[<prev] [next>] [<thread-prev] [thread-next>] [day] [month] [year] [list]
Message-ID: <5313c721-9cf1-4ecd-ac23-1eeddabd691f@gmail.com>
Date: Mon, 21 Oct 2024 11:40:14 +0100
From: Usama Arif <usamaarif642@...il.com>
To: Barry Song <21cnbao@...il.com>
Cc: akpm@...ux-foundation.org, linux-mm@...ck.org, hannes@...xchg.org,
david@...hat.com, willy@...radead.org, kanchana.p.sridhar@...el.com,
yosryahmed@...gle.com, nphamcs@...il.com, chengming.zhou@...ux.dev,
ryan.roberts@....com, ying.huang@...el.com, riel@...riel.com,
shakeel.butt@...ux.dev, kernel-team@...a.com, linux-kernel@...r.kernel.org,
linux-doc@...r.kernel.org
Subject: Re: [RFC 0/4] mm: zswap: add support for zswapin of large folios
On 21/10/2024 06:09, Barry Song wrote:
> On Fri, Oct 18, 2024 at 11:50 PM Usama Arif <usamaarif642@...il.com> wrote:
>>
>> After large folio zswapout support added in [1], this patch adds
>> support for zswapin of large folios to bring it on par with zram.
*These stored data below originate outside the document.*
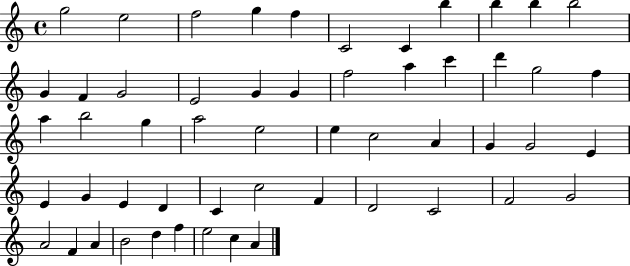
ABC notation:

X:1
T:Untitled
M:4/4
L:1/4
K:C
g2 e2 f2 g f C2 C b b b b2 G F G2 E2 G G f2 a c' d' g2 f a b2 g a2 e2 e c2 A G G2 E E G E D C c2 F D2 C2 F2 G2 A2 F A B2 d f e2 c A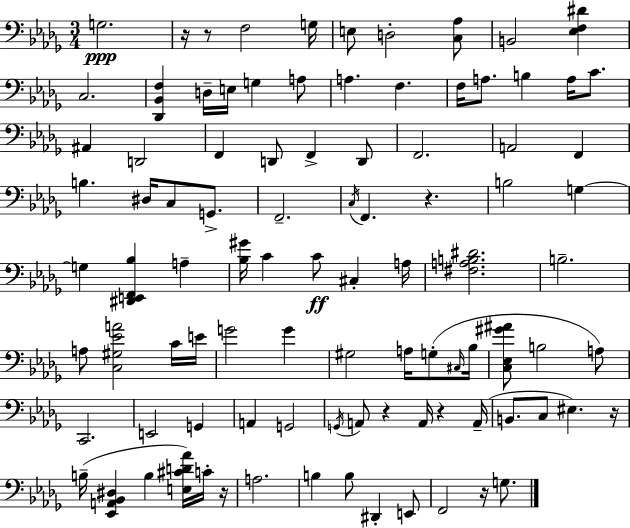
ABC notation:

X:1
T:Untitled
M:3/4
L:1/4
K:Bbm
G,2 z/4 z/2 F,2 G,/4 E,/2 D,2 [C,_A,]/2 B,,2 [_E,F,^D] C,2 [_D,,_B,,F,] D,/4 E,/4 G, A,/2 A, F, F,/4 A,/2 B, A,/4 C/2 ^A,, D,,2 F,, D,,/2 F,, D,,/2 F,,2 A,,2 F,, B, ^D,/4 C,/2 G,,/2 F,,2 C,/4 F,, z B,2 G, G, [^D,,E,,F,,_B,] A, [_B,^G]/4 C C/2 ^C, A,/4 [^F,A,B,^D]2 B,2 A,/2 [C,^G,_EA]2 C/4 E/4 G2 G ^G,2 A,/4 G,/2 ^C,/4 _B,/4 [C,_E,^G^A]/2 B,2 A,/2 C,,2 E,,2 G,, A,, G,,2 G,,/4 A,,/2 z A,,/4 z A,,/4 B,,/2 C,/2 ^E, z/4 B,/4 [_E,,A,,_B,,^D,] B, [E,^CD_A]/4 C/4 z/4 A,2 B, B,/2 ^D,, E,,/2 F,,2 z/4 G,/2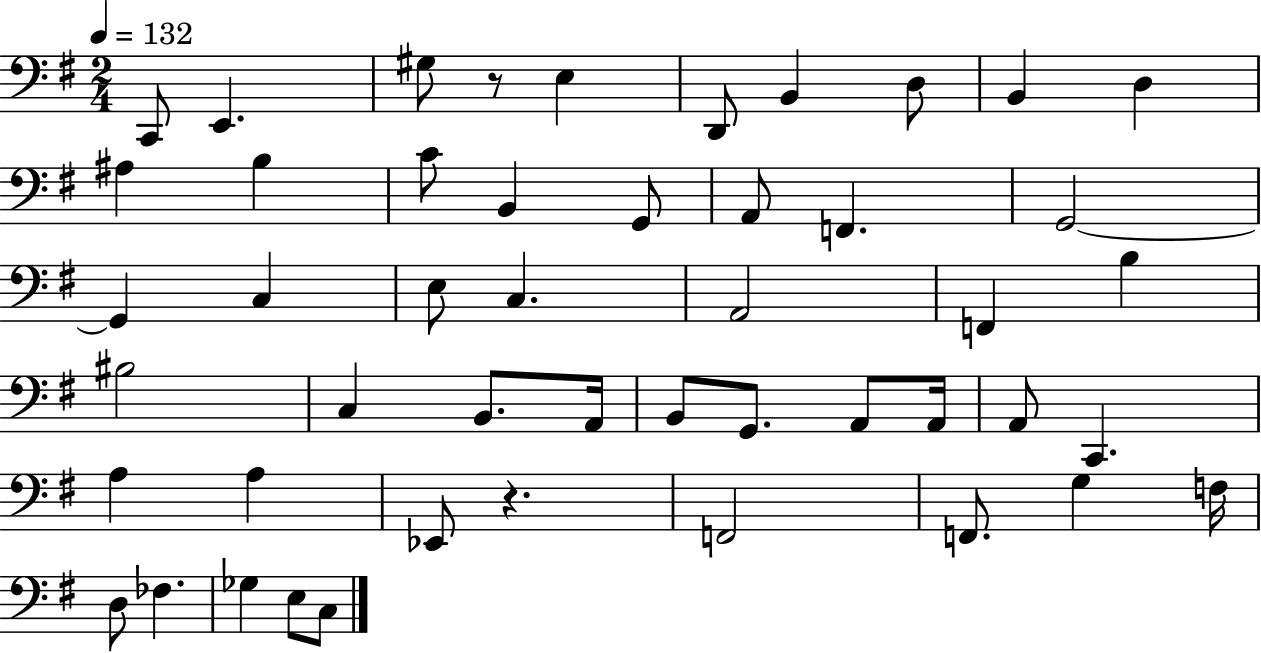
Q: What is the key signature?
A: G major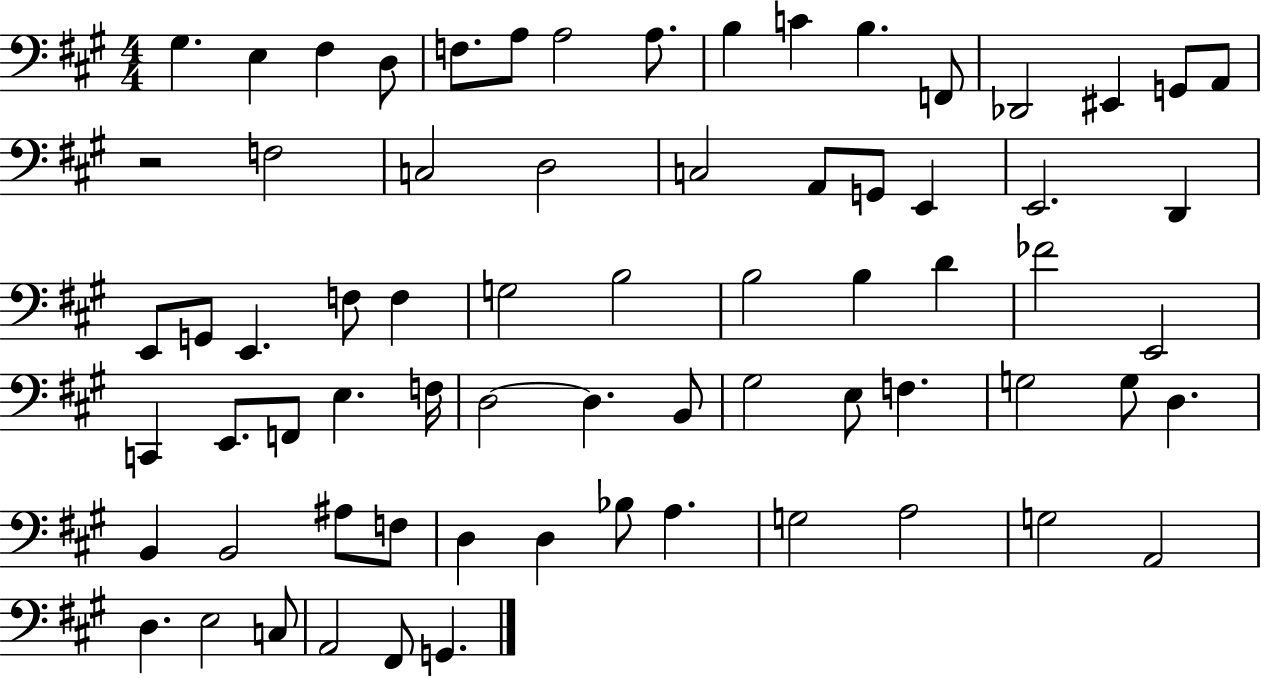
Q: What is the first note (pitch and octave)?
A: G#3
>> This series makes sure that the benefits of large folios (fewer
>> page faults, batched PTE and rmap manipulation, reduced lru list,
>> TLB coalescing (for arm64 and amd)) are not lost at swap out when
>> using zswap.
>>
>> It builds on top of [2] which added large folio swapin support for
>> zram and provides the same level of large folio swapin support as
>> zram, i.e. only supporting swap count == 1.
>>
>> Patch 1 skips swapcache for swapping in zswap pages, this should improve
>> no readahead swapin performance [3], and also allows us to build on large
>> folio swapin support added in [2], hence is a prerequisite for patch 3.
>>
>> Patch 3 adds support for large folio zswapin. This patch does not add
>> support for hybrid backends (i.e. folios partly present swap and zswap).
>>
>> The main performance benefit comes from maintaining large folios *after*
>> swapin, large folio performance improvements have been mentioned in previous
>> series posted on it [2],[4], so have not added those. Below is a simple
>> microbenchmark to measure the time needed *for* zswpin of 1G memory (along
>> with memory integrity check).
>>
>> | no mTHP (ms) | 1M mTHP enabled (ms)
>> Base kernel | 1165 | 1163
>> Kernel with mTHP zswpin series | 1203 | 738
>
> Hi Usama,
> Do you know where this minor regression for non-mTHP comes from?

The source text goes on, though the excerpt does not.